Les votes des députés et des groupes

Exposé des motifs de l'amendement

L'objectif d'un amendement est de modifier ou d'ajouter une mesure d'un projet ou d'une proposition de loi. Le ou les députés qui rédigent l'amendement écrivent également un exposé des motifs.

Par cet amendement de repli, les député.es insoumis.es entendent rendre obligatoire une procédure contradictoire avant toute fermeture administrative, assurant ainsi le respect des principes fondamentaux du droit et les protégeant contre d’éventuelles décisions arbitraires.

La loi dite "narcotrafic" a instauré il y a un an une nouvelle procédure de fermeture administrative notamment à titre préventif, dont les conditions, trop floues, risquent inévitablement de conduire à des abus. En l'absence de critères précis, cette mesure risque de stigmatiser certains quartiers ou établissements en raison de leur public ou de leur situation géographique, renforçant ainsi les discriminations au lieu de traiter efficacement les causes profondes de la criminalité.

Pour ces raisons, nous y étions opposés.

Nous réaffirmons que l’instauration a minima d’une procédure contradictoire préalable est essentielle pour éviter de telles dérives. Le contradictoire est un principe fondamental du droit, garantissant à chacun une procédure équitable et la possibilité de se défendre. Cette procédure permettrait aux gérants de présenter leurs arguments, d’apporter des éléments de défense et d’exiger des justifications précises avant toute décision de fermeture, cette dernière pouvant entraîner des conséquences désastreuses sur l'établissement, tant sur le plan économique que social. Une telle garantie offrirait un cadre plus transparent et éviterait des sanctions hâtives ou injustifiées, fondées sur des appréciations subjectives.

Nous souhaitons également supprimer le fait que le ministre de l'Intérieur puisse décider de prolonger la fermeture administrative d'un établissement. À la suite de différentes auditions réalisées dans le cadre d'une mission d'information sur le sujet, le co-rapporteur Antoine Léaument conclut qu’une fermeture de cette nature - sans enquête judiciaire - est disproportionnée. La possibilité laissée au ministre de l’Intérieur de prolonger la fermeture administrative est donc, a fortiori, également disproportionnée.
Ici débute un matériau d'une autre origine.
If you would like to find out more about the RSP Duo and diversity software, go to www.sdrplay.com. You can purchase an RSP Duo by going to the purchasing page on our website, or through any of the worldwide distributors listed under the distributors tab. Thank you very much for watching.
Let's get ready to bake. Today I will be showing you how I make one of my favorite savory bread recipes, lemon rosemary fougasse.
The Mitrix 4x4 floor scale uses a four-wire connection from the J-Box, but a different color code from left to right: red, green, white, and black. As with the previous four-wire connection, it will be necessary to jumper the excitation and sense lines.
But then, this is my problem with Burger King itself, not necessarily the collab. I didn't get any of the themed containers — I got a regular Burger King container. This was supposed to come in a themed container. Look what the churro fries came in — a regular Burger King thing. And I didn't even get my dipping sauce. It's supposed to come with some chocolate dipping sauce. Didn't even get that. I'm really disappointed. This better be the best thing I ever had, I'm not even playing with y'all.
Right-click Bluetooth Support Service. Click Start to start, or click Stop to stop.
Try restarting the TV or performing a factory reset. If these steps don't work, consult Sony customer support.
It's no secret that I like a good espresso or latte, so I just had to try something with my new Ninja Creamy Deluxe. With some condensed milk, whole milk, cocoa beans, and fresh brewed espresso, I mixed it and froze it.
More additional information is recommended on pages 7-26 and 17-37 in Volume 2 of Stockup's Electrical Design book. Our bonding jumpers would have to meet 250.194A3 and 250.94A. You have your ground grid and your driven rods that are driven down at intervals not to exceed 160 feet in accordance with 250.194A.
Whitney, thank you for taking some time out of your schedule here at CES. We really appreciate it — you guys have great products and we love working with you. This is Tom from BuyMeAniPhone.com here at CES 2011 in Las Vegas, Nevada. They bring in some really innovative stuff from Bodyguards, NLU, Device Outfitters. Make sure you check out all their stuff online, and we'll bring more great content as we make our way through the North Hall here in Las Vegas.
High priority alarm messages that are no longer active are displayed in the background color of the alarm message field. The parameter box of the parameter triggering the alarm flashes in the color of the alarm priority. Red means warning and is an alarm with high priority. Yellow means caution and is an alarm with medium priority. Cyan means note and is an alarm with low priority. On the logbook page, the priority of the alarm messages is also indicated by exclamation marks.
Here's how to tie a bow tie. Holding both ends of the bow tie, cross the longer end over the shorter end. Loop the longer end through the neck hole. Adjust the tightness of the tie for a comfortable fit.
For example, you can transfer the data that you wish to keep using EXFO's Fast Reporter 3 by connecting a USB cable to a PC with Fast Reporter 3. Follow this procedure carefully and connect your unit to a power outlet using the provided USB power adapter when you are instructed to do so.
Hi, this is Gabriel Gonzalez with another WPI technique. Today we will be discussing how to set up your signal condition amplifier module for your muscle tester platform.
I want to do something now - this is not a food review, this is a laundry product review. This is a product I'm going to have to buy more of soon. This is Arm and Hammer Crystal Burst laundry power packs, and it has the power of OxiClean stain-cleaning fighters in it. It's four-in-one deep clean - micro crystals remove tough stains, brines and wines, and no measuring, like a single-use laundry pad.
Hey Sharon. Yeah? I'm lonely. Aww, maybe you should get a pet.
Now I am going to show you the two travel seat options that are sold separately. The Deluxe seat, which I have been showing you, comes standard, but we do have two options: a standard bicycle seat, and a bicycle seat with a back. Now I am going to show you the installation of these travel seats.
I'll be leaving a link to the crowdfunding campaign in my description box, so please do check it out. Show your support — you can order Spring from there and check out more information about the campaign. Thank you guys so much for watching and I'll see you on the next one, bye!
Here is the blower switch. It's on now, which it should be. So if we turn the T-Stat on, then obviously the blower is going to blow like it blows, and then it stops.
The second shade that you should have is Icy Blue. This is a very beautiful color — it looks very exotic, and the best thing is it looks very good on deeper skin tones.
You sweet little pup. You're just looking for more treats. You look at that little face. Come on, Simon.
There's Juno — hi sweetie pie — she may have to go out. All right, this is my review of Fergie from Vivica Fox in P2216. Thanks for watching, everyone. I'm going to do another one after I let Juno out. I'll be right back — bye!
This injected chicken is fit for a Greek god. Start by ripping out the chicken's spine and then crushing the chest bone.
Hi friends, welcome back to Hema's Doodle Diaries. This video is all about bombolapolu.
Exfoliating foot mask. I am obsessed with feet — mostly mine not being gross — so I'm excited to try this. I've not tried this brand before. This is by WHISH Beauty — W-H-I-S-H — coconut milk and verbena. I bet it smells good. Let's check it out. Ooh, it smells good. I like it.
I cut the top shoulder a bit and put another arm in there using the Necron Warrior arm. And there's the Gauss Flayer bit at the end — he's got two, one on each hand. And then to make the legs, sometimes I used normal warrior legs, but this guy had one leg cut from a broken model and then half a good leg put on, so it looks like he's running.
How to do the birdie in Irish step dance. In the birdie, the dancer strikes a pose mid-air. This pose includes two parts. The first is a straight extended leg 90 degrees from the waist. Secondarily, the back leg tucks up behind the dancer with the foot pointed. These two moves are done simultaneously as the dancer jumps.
Enfin, nous proposons de supprimer le fait que la fermeture emporte abrogation de toute autorisation ou permis d'exploitation commerciale. La fermeture administrative n’est pas une mesure qui permet de déstabiliser le trafic, et ne permet pas non plus de faire entrave aux stratégies déployées par les trafiquants de drogue pour blanchir les fruits de leur activité illégale. Et pour cause, cette mesure se concentre sur les petits commerçants et ne cible pas les têtes de réseaux.